I met Watson and a detective named Constable Kate Cafarella at the Mona Vale police station. Constable Cafarella had been spending some time with Sarah. Apparently a kindly neighbour, a Mrs Hartley, had been providing support—meals, laundry and such.

Cafarella was tall, beak-nosed, not unattractive.
Formidable
, as Pierre Fontaine might have said, but I couldn’t see her as someone frightening to Sarah, who seemed pretty tough in her own way.

Watson supplied the recording device and Cafarella watched as I stripped off my shirt and taped it into place. Watson seemed a little embarrassed.

‘Nothing else to do, Kate?’ he asked.

‘I thought I should bring Mr Hardy up to date on how things stand with Sarah.’

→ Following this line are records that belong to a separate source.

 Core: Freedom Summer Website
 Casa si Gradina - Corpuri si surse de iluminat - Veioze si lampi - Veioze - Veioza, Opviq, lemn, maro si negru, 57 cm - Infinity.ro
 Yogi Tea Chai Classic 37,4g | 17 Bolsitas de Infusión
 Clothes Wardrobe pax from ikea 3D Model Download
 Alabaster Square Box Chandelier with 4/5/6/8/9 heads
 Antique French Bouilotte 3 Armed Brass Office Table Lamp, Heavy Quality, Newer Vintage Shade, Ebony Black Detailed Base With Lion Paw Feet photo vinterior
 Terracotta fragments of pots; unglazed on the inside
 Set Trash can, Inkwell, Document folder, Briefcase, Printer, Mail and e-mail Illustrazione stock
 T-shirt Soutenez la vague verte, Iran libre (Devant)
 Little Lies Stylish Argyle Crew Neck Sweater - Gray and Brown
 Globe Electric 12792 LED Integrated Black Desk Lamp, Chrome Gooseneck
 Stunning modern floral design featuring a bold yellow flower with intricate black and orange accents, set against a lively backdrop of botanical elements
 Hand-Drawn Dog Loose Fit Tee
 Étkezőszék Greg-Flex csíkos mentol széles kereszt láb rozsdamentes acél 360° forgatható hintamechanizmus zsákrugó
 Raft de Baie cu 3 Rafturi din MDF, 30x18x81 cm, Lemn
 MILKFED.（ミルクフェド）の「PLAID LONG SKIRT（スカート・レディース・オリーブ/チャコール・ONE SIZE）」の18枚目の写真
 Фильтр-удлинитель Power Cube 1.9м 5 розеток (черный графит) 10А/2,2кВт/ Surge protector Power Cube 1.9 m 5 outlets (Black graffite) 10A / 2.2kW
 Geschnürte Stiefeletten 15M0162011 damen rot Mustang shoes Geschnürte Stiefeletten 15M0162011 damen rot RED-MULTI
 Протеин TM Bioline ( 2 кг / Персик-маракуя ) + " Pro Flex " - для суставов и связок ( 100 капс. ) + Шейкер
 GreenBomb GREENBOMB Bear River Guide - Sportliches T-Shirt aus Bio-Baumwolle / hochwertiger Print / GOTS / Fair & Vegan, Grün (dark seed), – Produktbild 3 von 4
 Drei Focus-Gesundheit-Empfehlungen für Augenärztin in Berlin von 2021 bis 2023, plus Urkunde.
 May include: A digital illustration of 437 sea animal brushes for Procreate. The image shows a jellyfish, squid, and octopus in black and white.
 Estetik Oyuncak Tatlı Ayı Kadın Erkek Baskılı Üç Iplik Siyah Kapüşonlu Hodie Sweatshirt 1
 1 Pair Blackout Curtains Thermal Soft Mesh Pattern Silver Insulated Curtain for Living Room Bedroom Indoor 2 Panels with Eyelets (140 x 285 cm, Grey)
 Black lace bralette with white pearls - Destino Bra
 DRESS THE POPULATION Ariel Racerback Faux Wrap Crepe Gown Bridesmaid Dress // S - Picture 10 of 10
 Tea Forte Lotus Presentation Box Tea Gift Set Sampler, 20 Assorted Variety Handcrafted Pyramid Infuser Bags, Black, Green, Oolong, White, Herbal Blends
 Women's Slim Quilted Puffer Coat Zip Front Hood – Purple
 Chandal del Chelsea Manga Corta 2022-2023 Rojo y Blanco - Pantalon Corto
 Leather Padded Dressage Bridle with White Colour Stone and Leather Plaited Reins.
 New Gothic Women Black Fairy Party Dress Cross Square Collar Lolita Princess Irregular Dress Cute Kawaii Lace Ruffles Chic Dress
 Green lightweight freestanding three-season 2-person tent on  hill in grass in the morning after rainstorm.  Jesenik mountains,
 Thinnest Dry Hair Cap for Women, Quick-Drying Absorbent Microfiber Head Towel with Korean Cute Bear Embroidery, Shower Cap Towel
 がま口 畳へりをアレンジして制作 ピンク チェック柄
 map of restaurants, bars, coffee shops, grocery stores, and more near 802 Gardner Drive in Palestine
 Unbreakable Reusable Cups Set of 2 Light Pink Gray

She wasn’t hopping up and down with excitement at my manly figure, but she showed an acceptable level of appreciation.

‘Thank you, Constable,’ I said. I flipped on the switch of the device as I buttoned up my shirt.

‘She came out of the sedation she’d been given at first, clear as bell,’ Cafarella said, ‘and we got nothing out of her. Nothing at all. Refused to answer the mildest of questions. Didn’t kick up a fuss—no tears, no orders to piss off. Just . . . blankness. No, I’d call it a brick wall.’